First, some background on the earthy brew: Matcha is made from green tea leaves specially grown in Japan that have been ground into a fine powder — a centuries-old, labor-intensive process that Lauren Purvis, CEO of Mizuba Tea Co., recently described to me. Preparing a cup of matcha involves whisking it in hot water until it turns frothy. (Here’s a video showing this process.)

The highest quality matcha comes from Uji, a city outside Kyoto, Purvis says. “Uji is the historical home of matcha,” she explains. “Uji to Japan is like Bordeaux to France, so it’s very revered for being the birthplace of tea in Japan.” The first batch of matcha is thought to have been produced in Uji in the 16th century, according to the Uji-cha Tea Cultural Landscape page.

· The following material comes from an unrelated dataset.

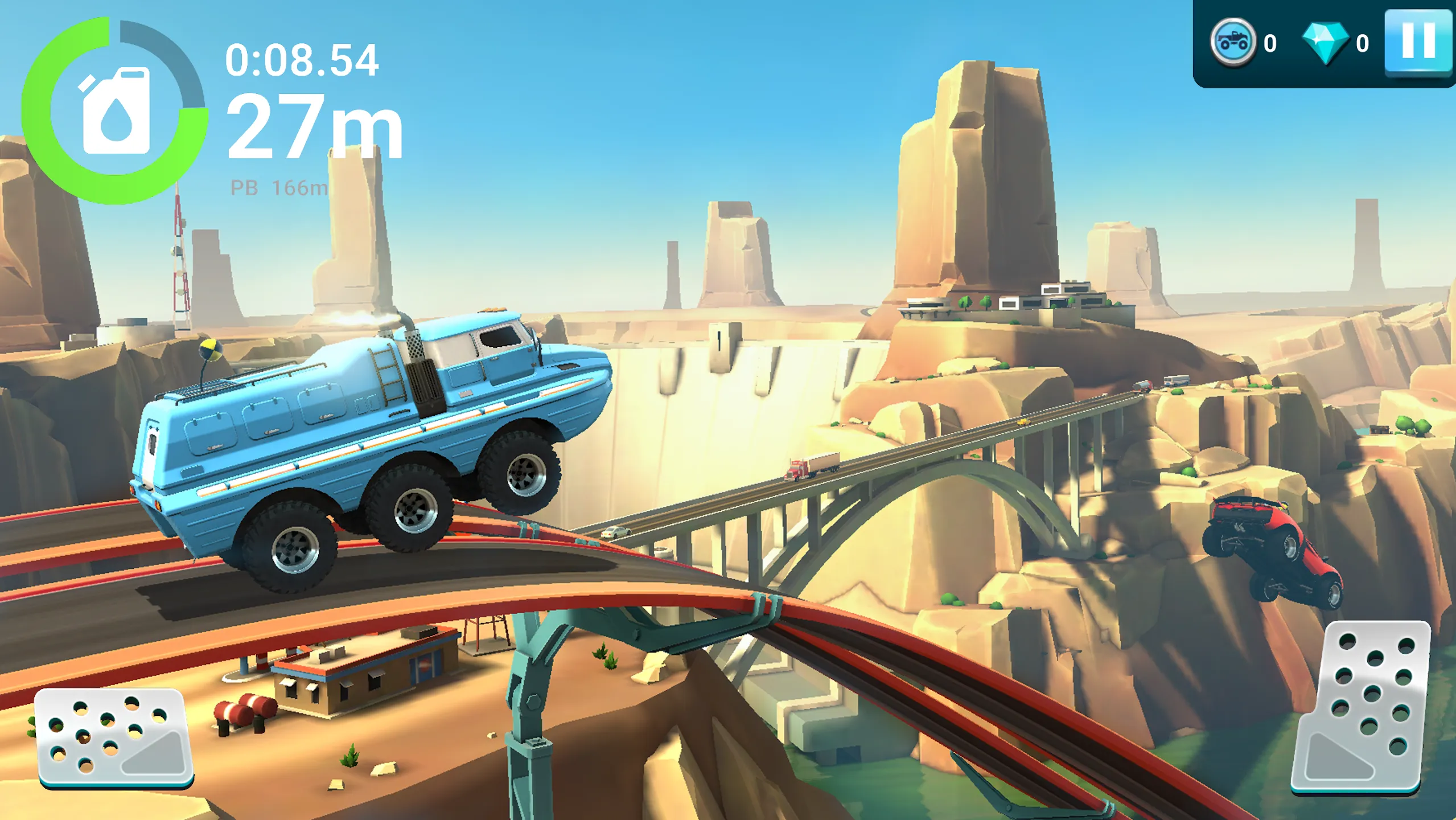 MMX Hill Dash 2 v19.00.1421100001 APK Мод (Меню, Много денег и топлива) Screenshot 5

“The good news is that Japan does things really well,” Purvis says. That is, it doesn’t face the same labor and sustainability challenges that many other tea-growing regions do. For the most part, tea operations in Japan — some of them centuries-old — pay employees a living wage and treat them well. And even non-certified organic matcha is often grown using sustainable practices, such as fertilizing with fish, or planting other species around the tea field to promote biodiversity.

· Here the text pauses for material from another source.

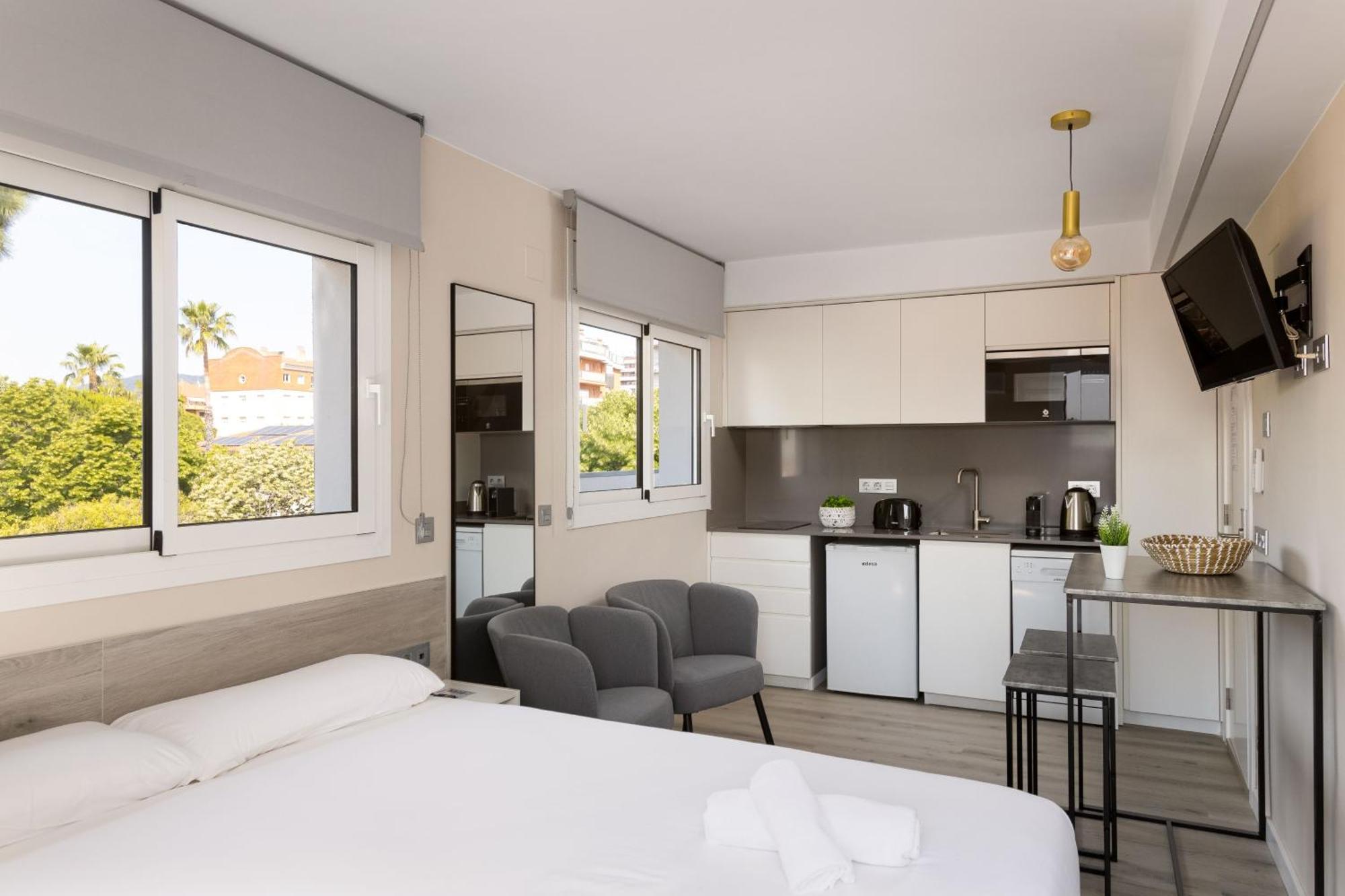 Aparthotel Vilassar Vilassar De Mar Zimmer foto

The issue lies more in the term “matcha” remaining unregulated, which means that companies often capitalize on the surge in demand for matcha and market their powdered green tea as such, even if it’s not, Purvis explains. “Matcha will always be powdered green tea, but not all powdered green tea is matcha.”

While insisting that only powdered green tea that meets certain qualifications can be sold as “matcha,” might seem purist or pretentious, it’s actually a matter of preserving a centuries-old tradition that doesn’t necessarily square with modern-day demands for more product, made faster and cheaper. “By being picky about the matcha that you buy, you can continue to help preserve some of these traditional heritage agricultural practices and slowly help them scale,” Purvis says. “When there’s this huge demand, people scramble to meet it really quickly, and that’s when corners are cut,” leading to a proliferation of powdered green tea that isn't matcha.

Doing the research to confirm that any powdered green tea you buy is actually matcha can ensure that your hard-earned coin benefits businesses that are keeping traditional matcha production alive. According to Purvis, matcha can only be considered matcha if:

It’s from Japan

Because of its deep roots in Japan, Uji in particular, matcha receives specialized care and attention here that isn't found elsewhere, Purvis says. Japan also imparts matcha with its terroir, a term you might’ve heard in reference to wine or coffee, which Purvis defines as “the characterization of taste,” shaped by variables like climate, soil, elevation, weather fluctuations in a given year, and cultivars used. (Very simply put, cultivars are plants that farmers produce through selective breeding to preserve certain flavor and growing characteristics.)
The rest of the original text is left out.